**Record extracts**
# # # # #
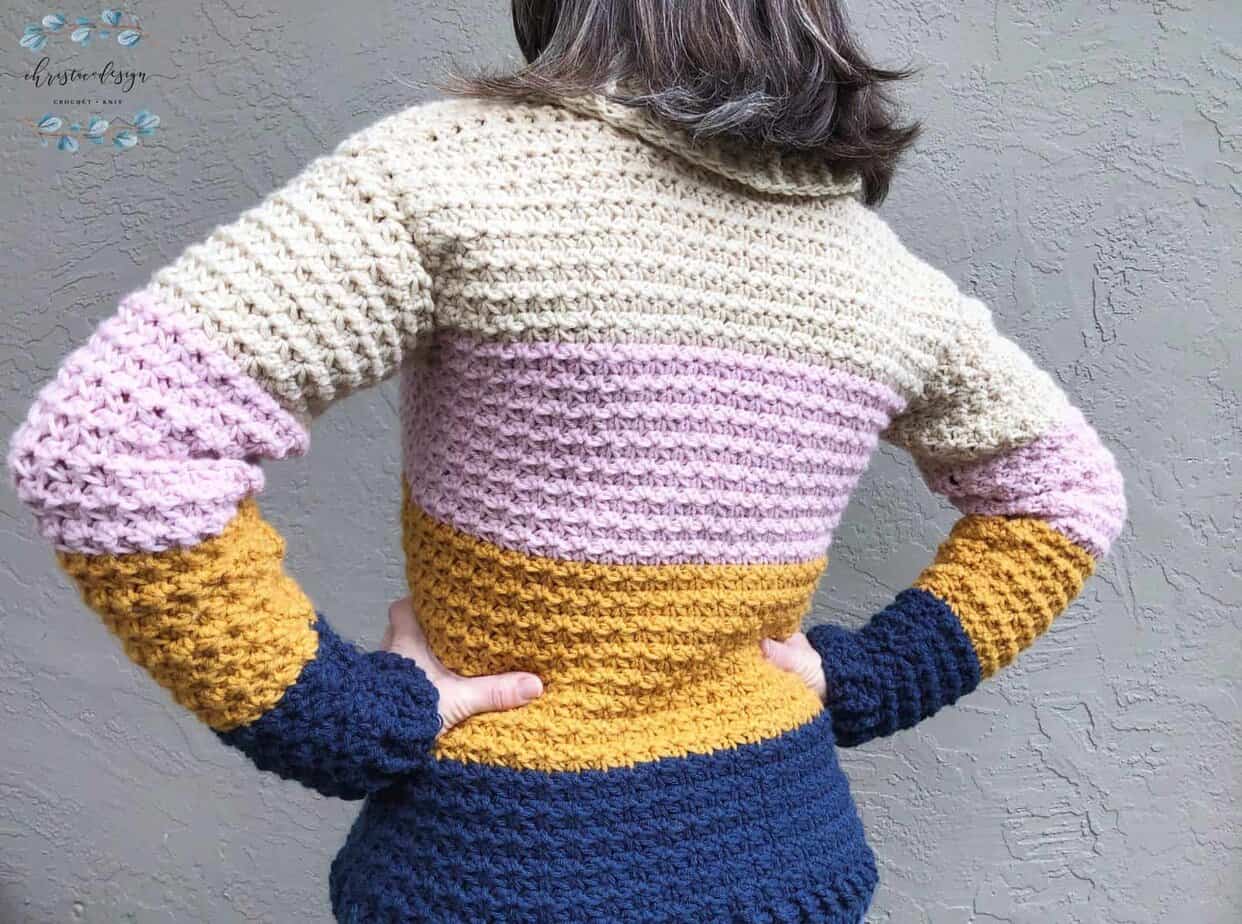 picture of back woman in crochet textured sweater blue gold pink beige stripes
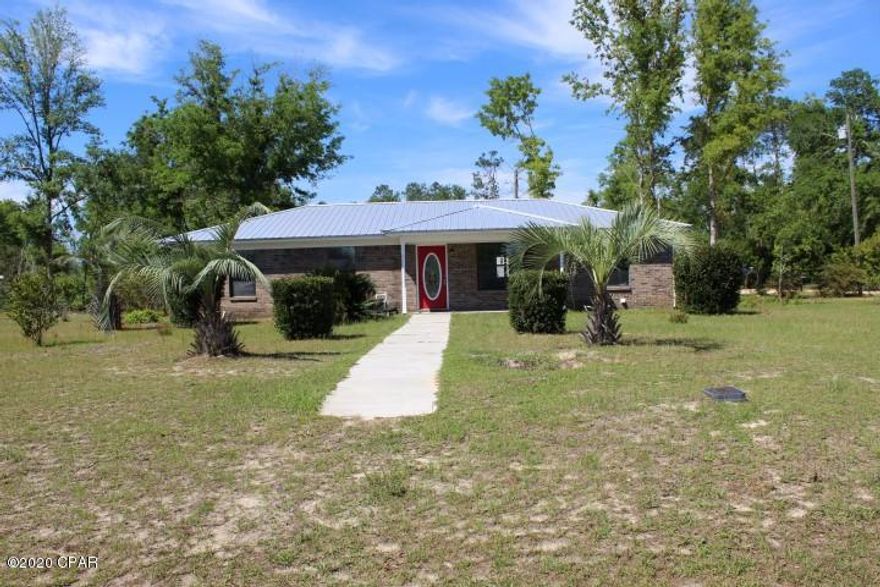 Very nice home on quiet street and close to town. This home has a new tin roof, new counter tops, new vinyl plank flooring throughout, new stainless steel appliances, new garage door motor, new toilets, new door knobs and hinges, and a new back door too. Freshly painted throughout and boasts an open floor plan. This cute home offers 1,325 sq. ft. of space, to include 3 BR's, 2 baths, spacious combination kitchen/dining/living room and a one car garage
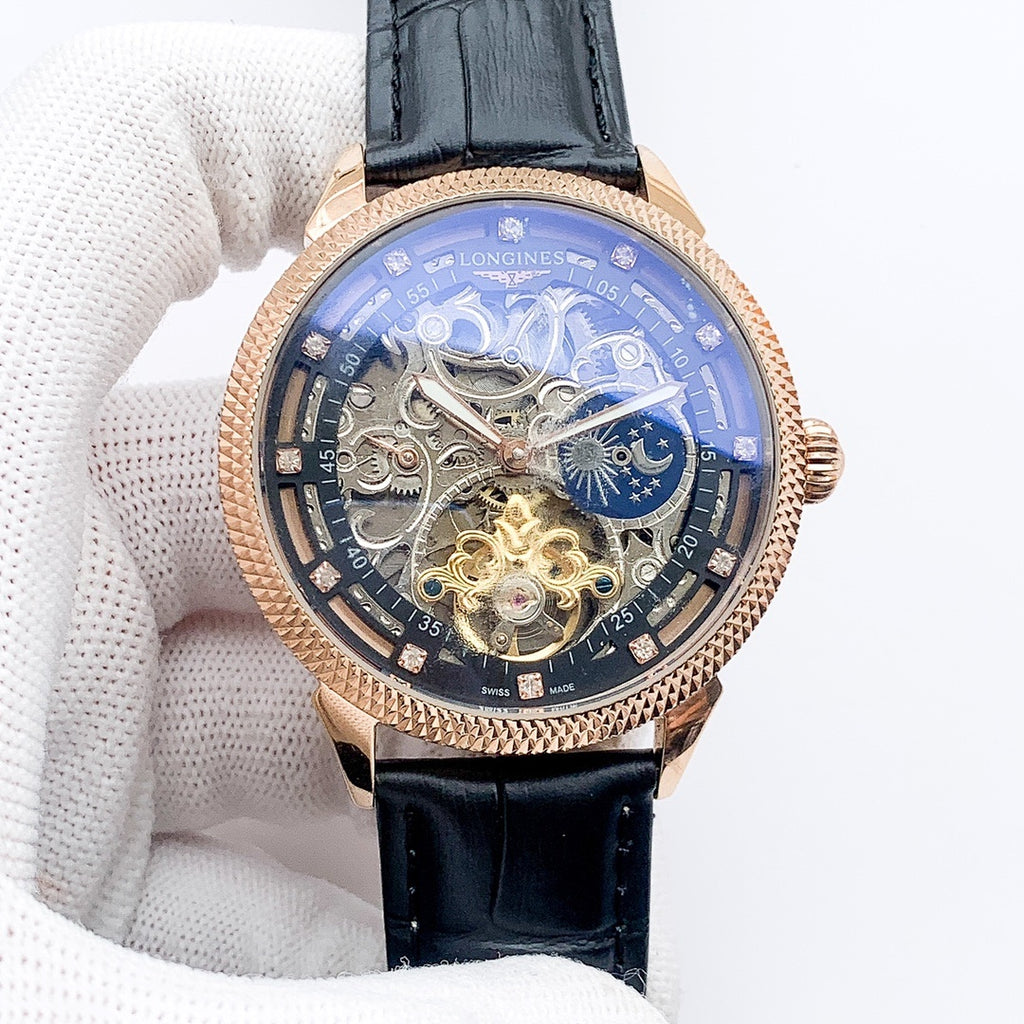 Rose-gold tone skeleton watch with black leather strap and blue moon phase dial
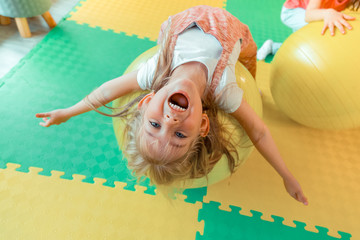 Top view of a happy excited cute girl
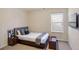 Cozy bedroom with modern furniture, including a bed, nightstands, and decorative accents, creating a relaxing space at 326 Lauren Dr, Fairburn, GA 30213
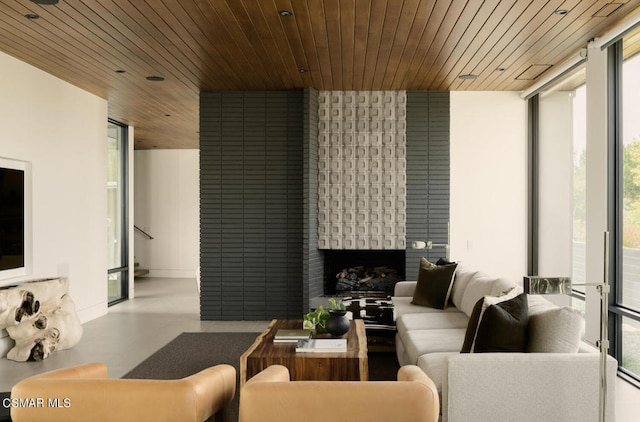 living room featuring a wall of windows, a fireplace, and wooden ceiling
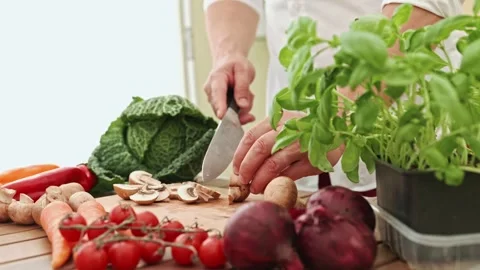 A man chops vegetables on a cutting board for a fresh dish Stock-Footage 269035386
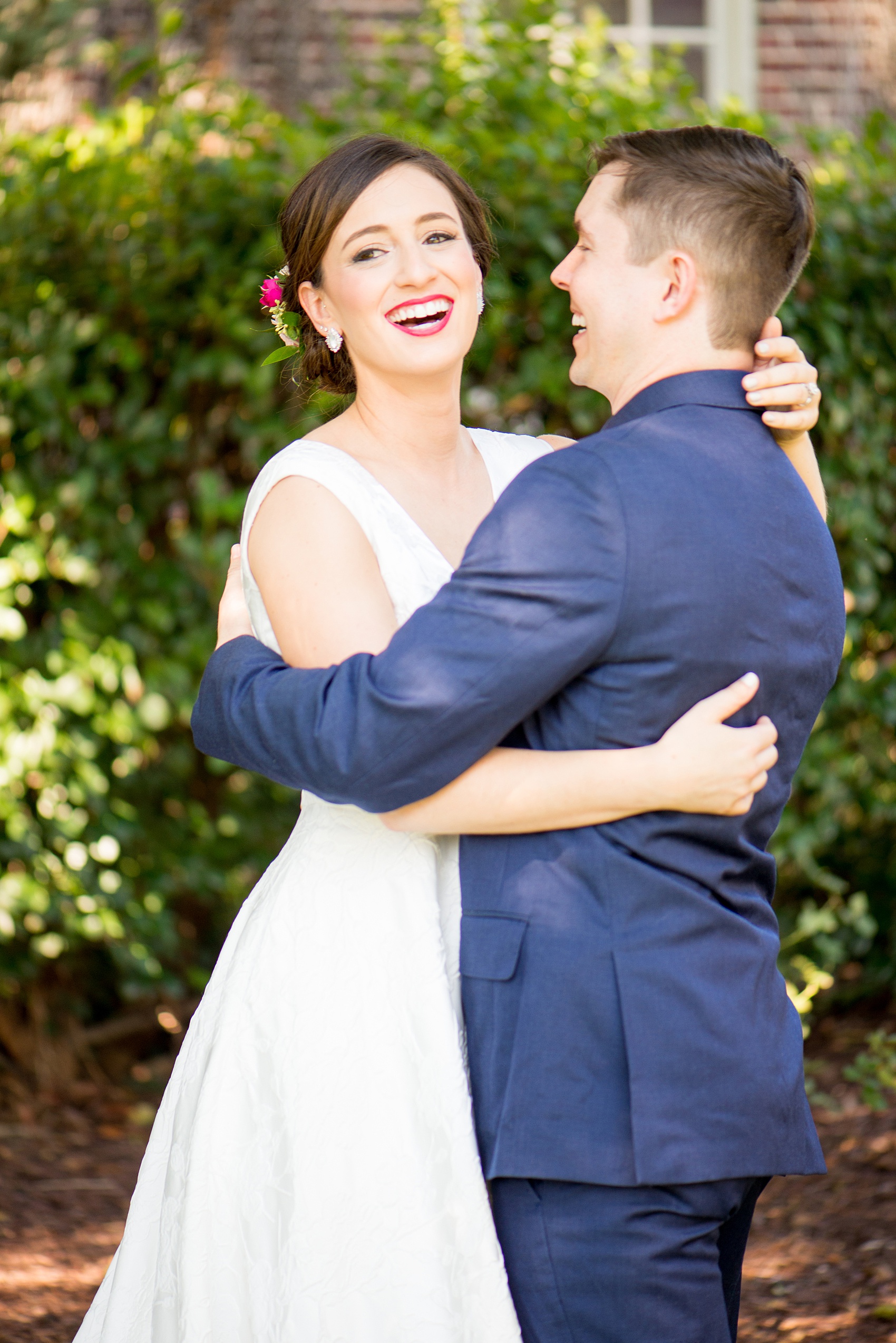 Mikkel Paige Photography pictures from a wedding at Merrimon-Wynne House in Raleigh, NC. Candid photo of the bride and groom.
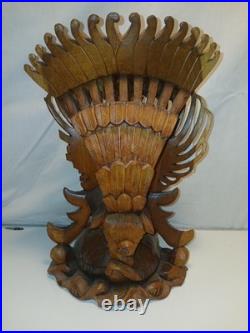 Hand Carved Wooden Statue. From The Bali Region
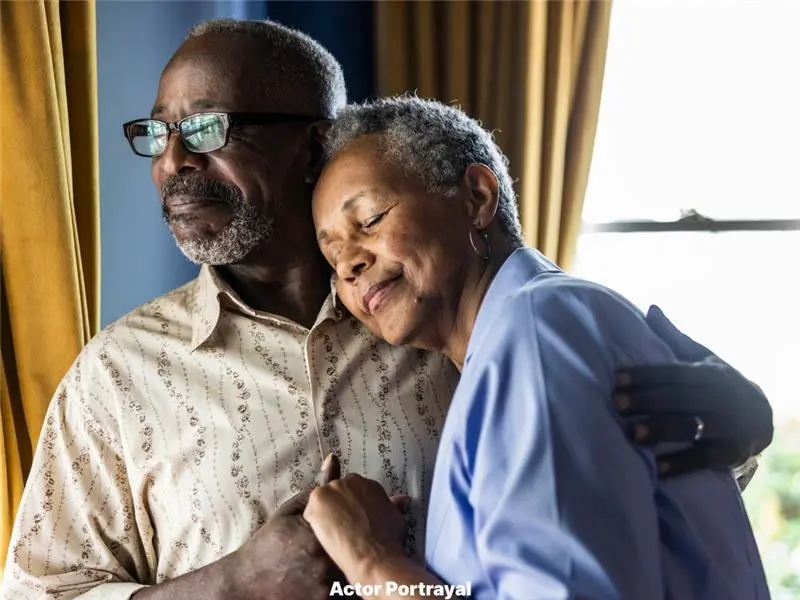 A couple embracing and holding hands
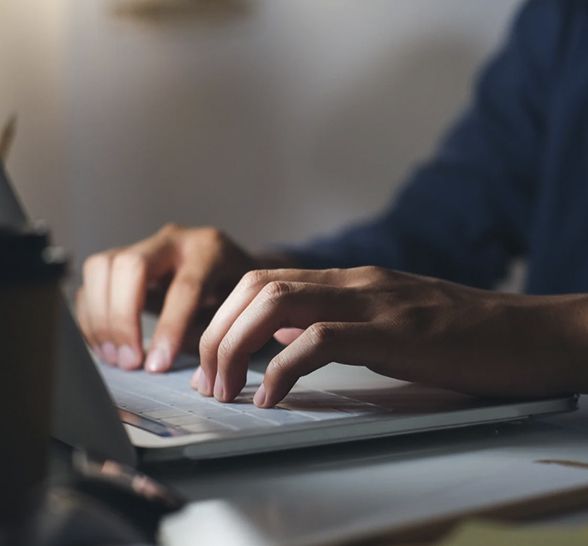 Person typing on a laptop with hands visible, close-up. Focus on the hands and keyboard.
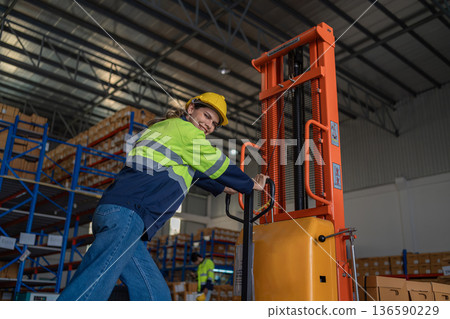 Warehouse worker working in warehouse storage.  136590229
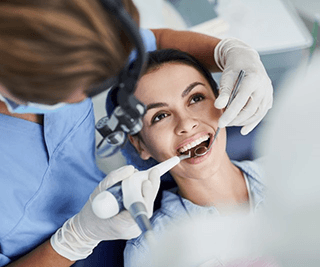a patient with dental implants undergoing a checkup and cleaning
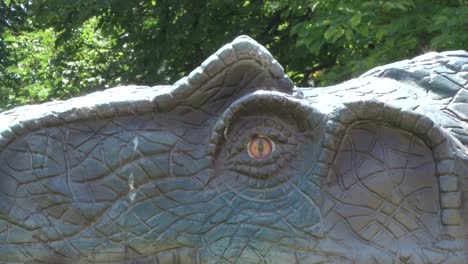 Realistic-Allosaurus-dinosaur-in-park-Head-and-eye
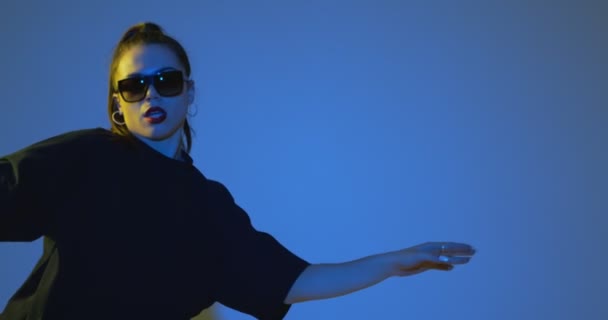 Menina de moda jovem elegante em óculos de sol dança legal em luz de estúdio de néon azul. Dança hip hop moderna. Espaço de cópia — Vídeo de Stock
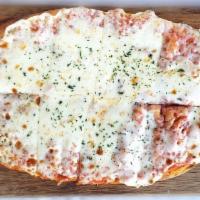 Classic Cheese Flatbread · Mozzarella on red sauce.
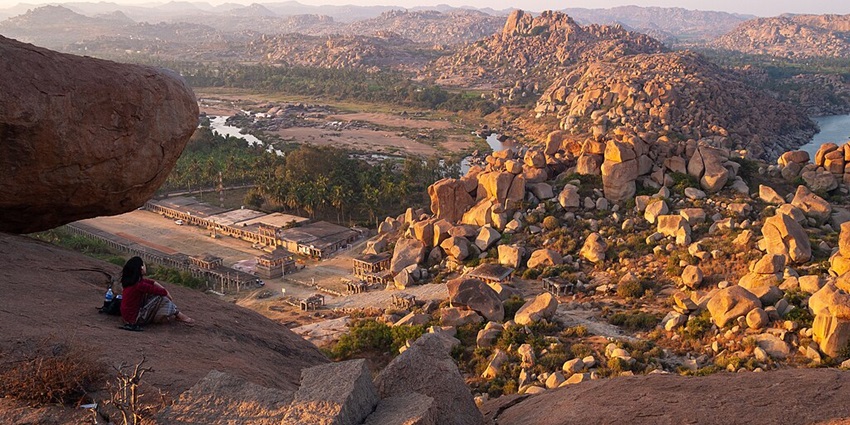 Hampi's ancient granite boulder landscape from Matanga Hill at sunset.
# # # # #
**Activity**
Restate word for word every line from the one with "Person typing on" up to and including the one with "Realistic-Allosaurus-dinosaur-in-park-Head-and-eye" in the records above, minus the pictures.

**Expected output**
 Person typing on a laptop with hands visible, close-up. Focus on the hands and keyboard.
 Warehouse worker working in warehouse storage.  136590229
a patient with dental implants undergoing a checkup and cleaning
 Realistic-Allosaurus-dinosaur-in-park-Head-and-eye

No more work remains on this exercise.